Buffer Acidified Plate Brucella Antigen (BAPA).
 The antigen is prepared from a concentrated cell suspension of Co2 independent smooth strain of Br. abortus (Strain 99). The cells are stained with crystal violet and brilliant green stain and suspended in buffered brucella antigen diluent (pH 3.65 + 0.05).
 Glass bottles of 20 ml to apply 600 Diagnostic Unit (DU.) 
 It is used for serological diagnosis of brucellosis in cattle sheep by the plate agglutination test.
 ِA testing box about 48 cm long 33 cm wide and 12 cm deep is employed. However a simple glass plate marked in 4 cm square may be used .
1.        Place 0.08 ml of each serum under test on one squares of the plates.

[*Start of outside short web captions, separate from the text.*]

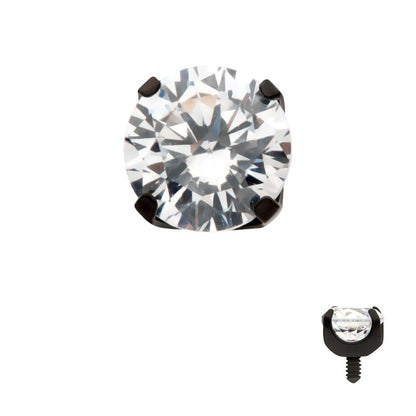Black PVD Titanium Internally Threaded 4-Prong CZ Front Facing Top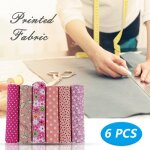 Tissu en coton pour enfants, 6 pices, bricolage, cousu a la main, petit tissu imprim floral rouge, ...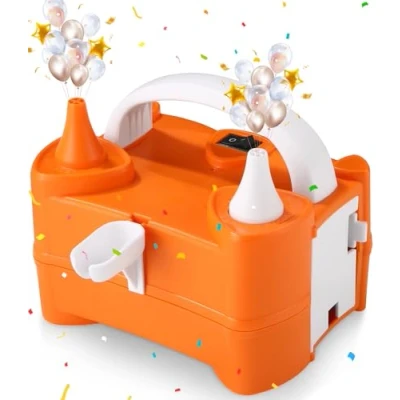 Imagen de Birshe Bomba de Globos,400W portátil para Globos Aire Doble Boquilla Inflador Eléctrico 2 Modos Trabajo Cumpleaños Bodas Navidad Decoración Fiestas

2.        Shake the antigen bottle until the contents are thoroughly mixed then drop 0.03 ml of the antigen alongside each drop of serum.
3.        Mix the serum and antigen in each drop with a tooth pick or spreader. 
4.        Rotate the plate in the hand for 3 rotations on each occasion 1. after mixing, 2. after 4 minutes and 3. after 8 min then read.
The results are recorded as follows:
·         No agglutination (homogenous) after 8 minutes ……. Negative (-)
·         Weak agglutination (minimal reaction) at the end of 8 minutes ….. suspicious (+)
·         Slight agglutination after 8 minutes …….. (+)
·         Moderate agglutination after 4 minutes ……. (++)
·         Moderate agglutination soon after mixing ……. (+++)
·         Clear agglutination leaving clear solution immediately after mixing …… (++++)
N.B. This is a screen test, any reaction indicates that further test are 
 should be done.
1.        Shake the bottle very well before use. 
2.        Bring both the reactants (the antigen and serum) to room temperature before performing the test.
3.        Readings after 8 minutes, not to be recommended. 
4.        To ensure validity of the antigen use control positive and negative sera. 
 Avoid freezing – keep the antigen at 4 - 8 o C for one year from the date of manufacture.